* Problem details
Look through the listing below for the line containing "Sorry This Isn’t". Copy it and each line after it up to and including the line containing "El venedor de", exactly, leaving out pictures.

BEGIN Data provided

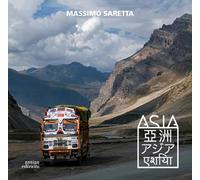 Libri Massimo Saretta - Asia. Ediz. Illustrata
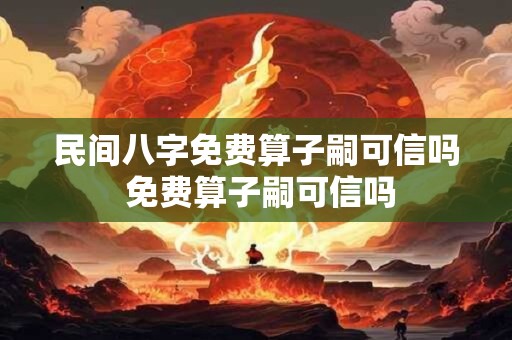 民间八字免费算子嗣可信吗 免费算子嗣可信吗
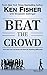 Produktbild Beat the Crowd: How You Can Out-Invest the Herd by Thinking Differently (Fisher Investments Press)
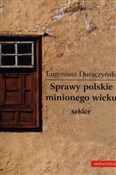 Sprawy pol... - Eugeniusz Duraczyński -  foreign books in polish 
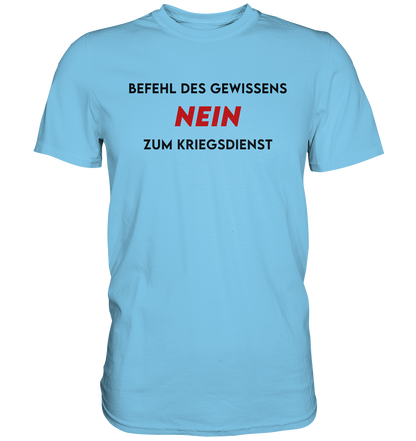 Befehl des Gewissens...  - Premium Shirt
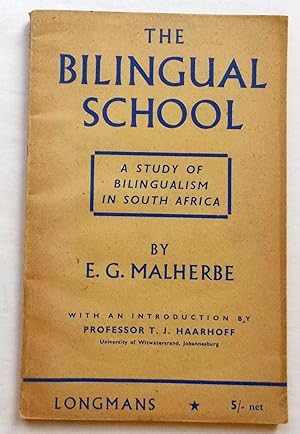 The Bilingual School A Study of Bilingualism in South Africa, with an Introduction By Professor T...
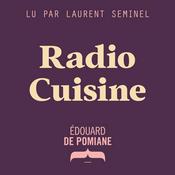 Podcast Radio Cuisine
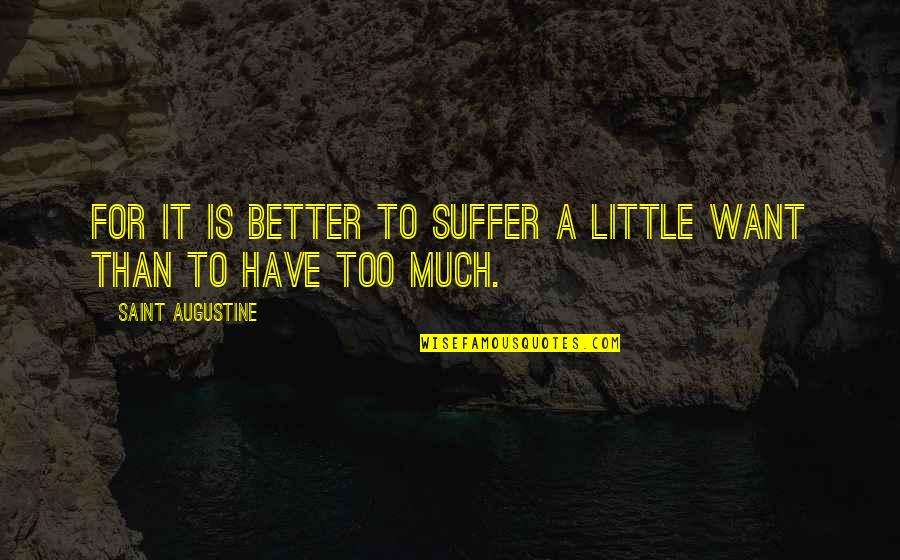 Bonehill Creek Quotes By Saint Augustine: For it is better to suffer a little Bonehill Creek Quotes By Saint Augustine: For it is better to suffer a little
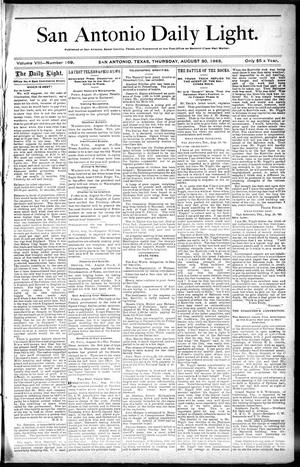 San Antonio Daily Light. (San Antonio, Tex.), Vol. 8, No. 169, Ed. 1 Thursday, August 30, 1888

END Data provided
BEGIN Data provided

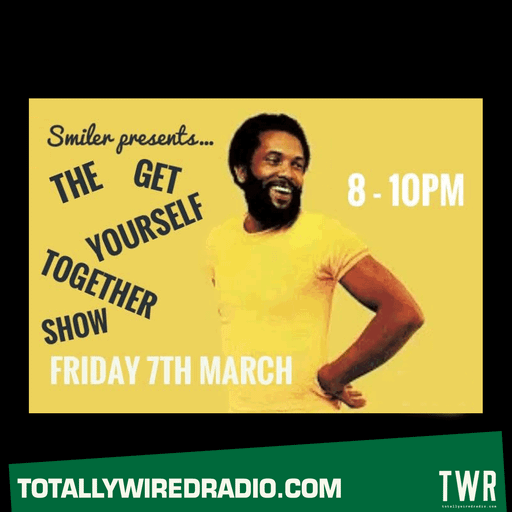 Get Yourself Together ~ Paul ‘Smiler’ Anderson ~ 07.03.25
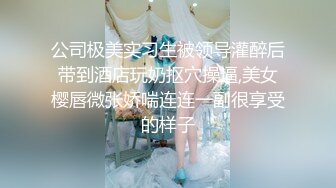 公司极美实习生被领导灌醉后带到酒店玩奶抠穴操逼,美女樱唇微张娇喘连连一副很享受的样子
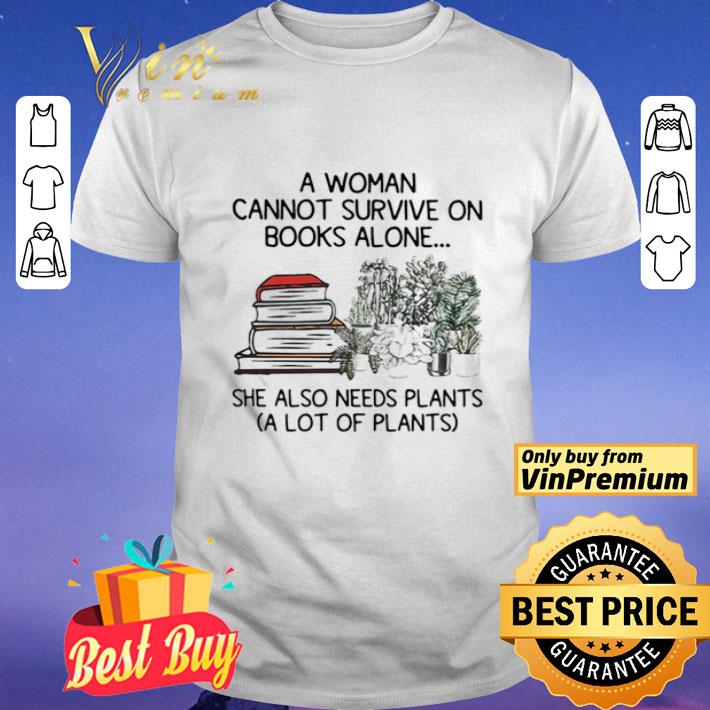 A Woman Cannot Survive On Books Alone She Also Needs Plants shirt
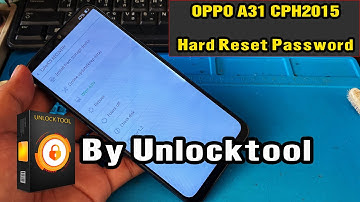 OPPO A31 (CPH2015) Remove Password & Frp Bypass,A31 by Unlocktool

END Data provided
BEGIN Data provided

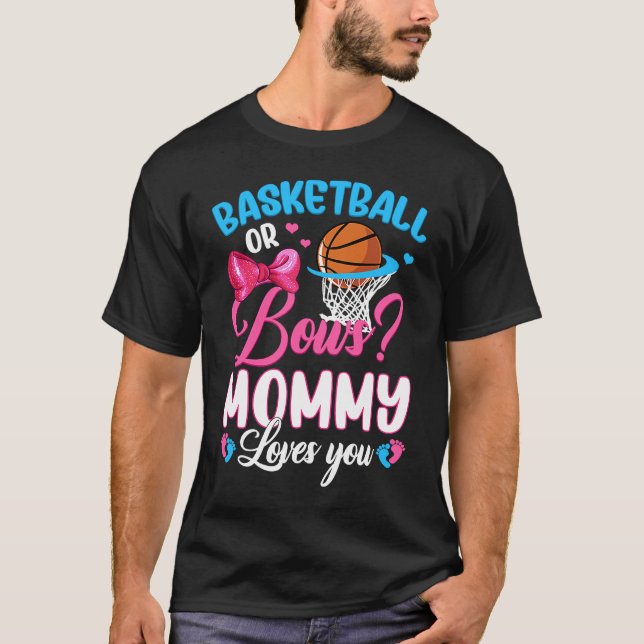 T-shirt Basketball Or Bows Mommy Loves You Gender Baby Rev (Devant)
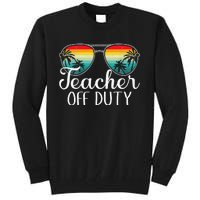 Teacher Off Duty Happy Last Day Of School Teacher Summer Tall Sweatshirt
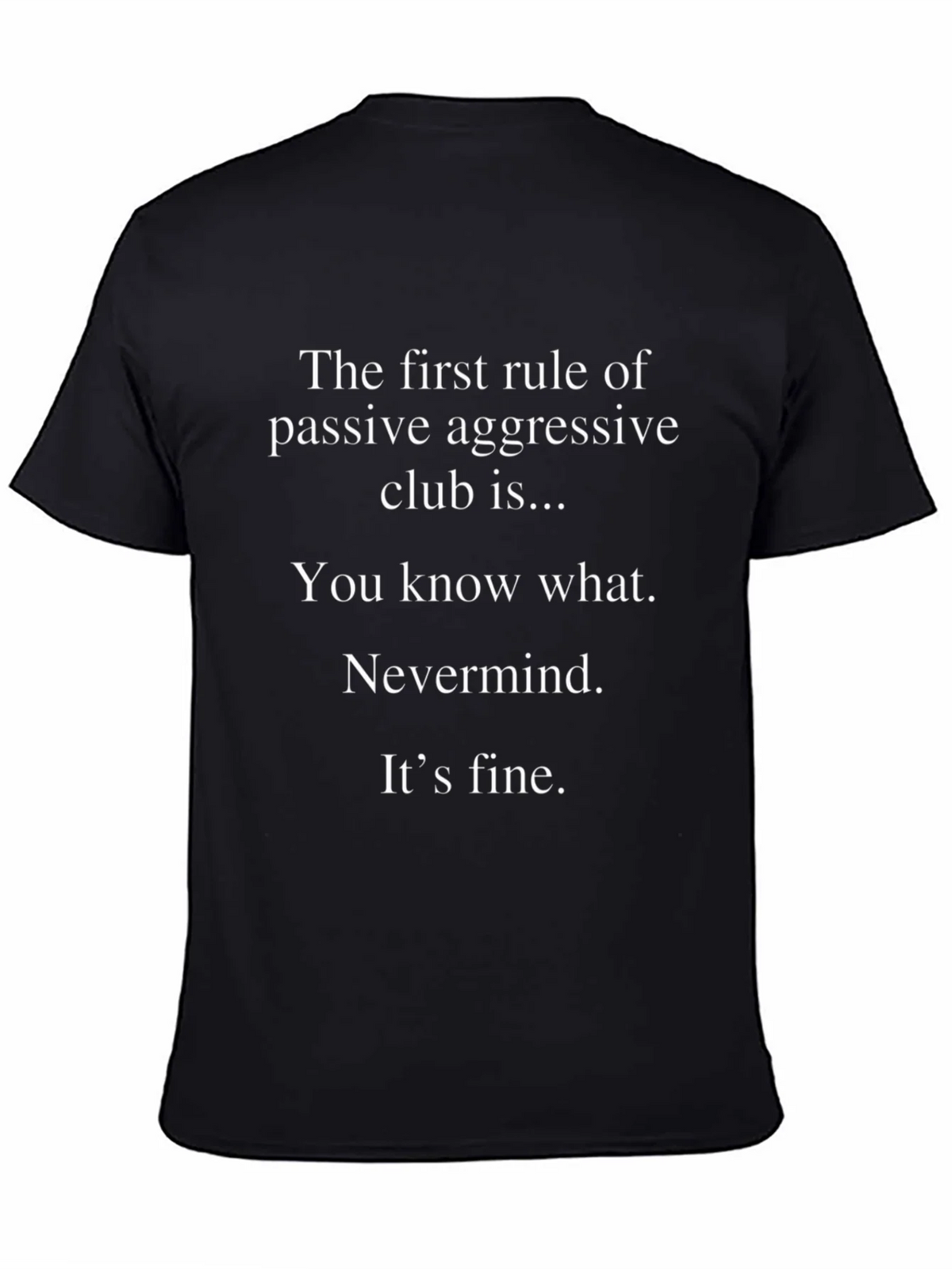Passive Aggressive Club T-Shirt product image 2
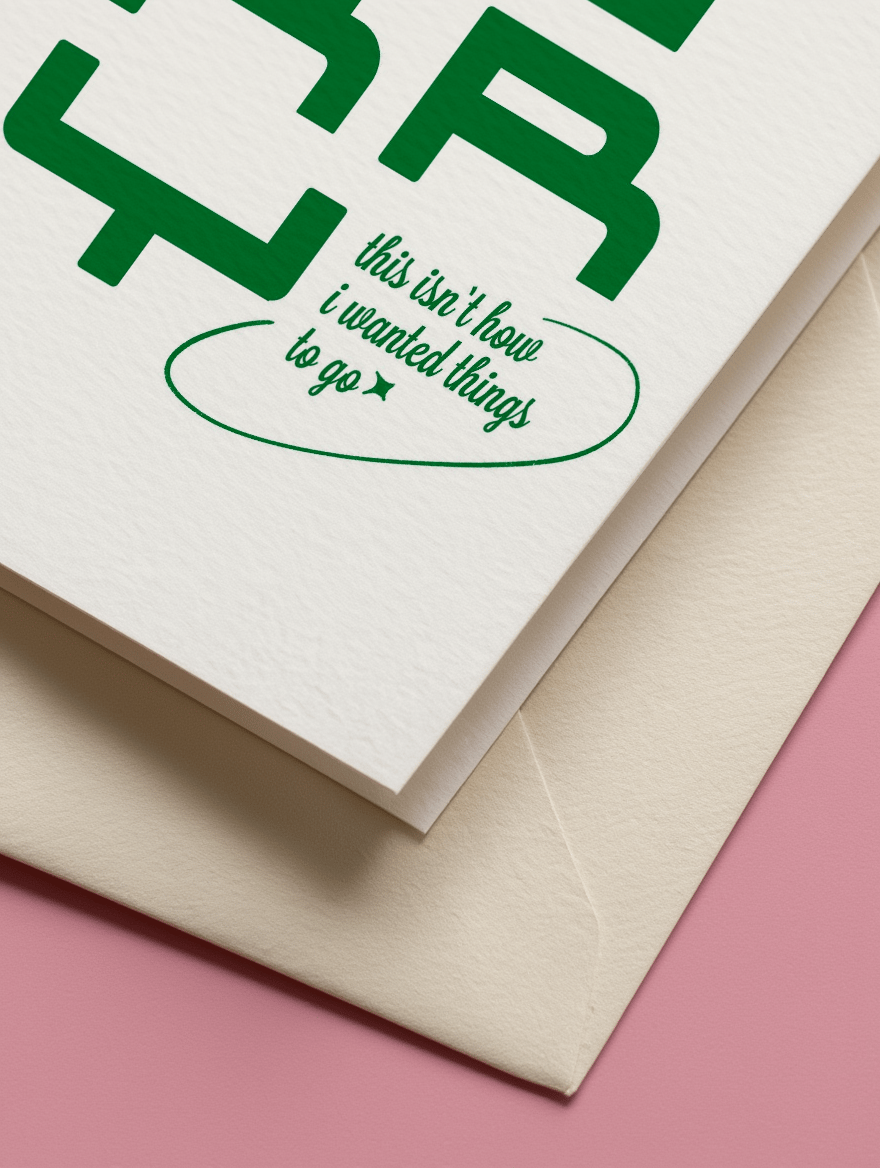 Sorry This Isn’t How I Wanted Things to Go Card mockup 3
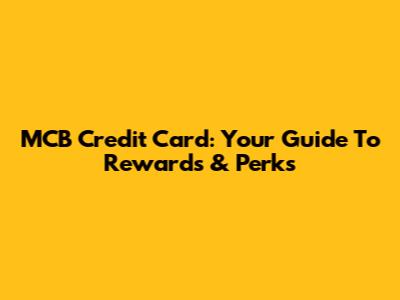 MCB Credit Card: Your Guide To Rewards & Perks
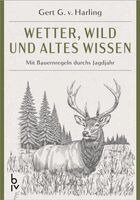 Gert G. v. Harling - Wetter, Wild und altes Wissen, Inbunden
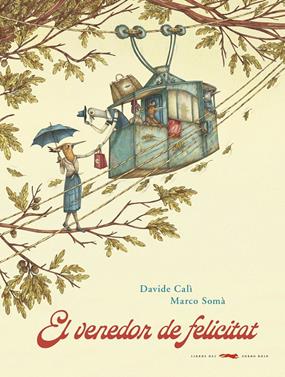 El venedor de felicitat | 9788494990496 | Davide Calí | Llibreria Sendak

END Data provided

* Output for this task
 Sorry This Isn’t How I Wanted Things to Go Card mockup 3
 MCB Credit Card: Your Guide To Rewards & Perks
 Gert G. v. Harling - Wetter, Wild und altes Wissen, Inbunden
 El venedor de felicitat | 9788494990496 | Davide Calí | Llibreria Sendak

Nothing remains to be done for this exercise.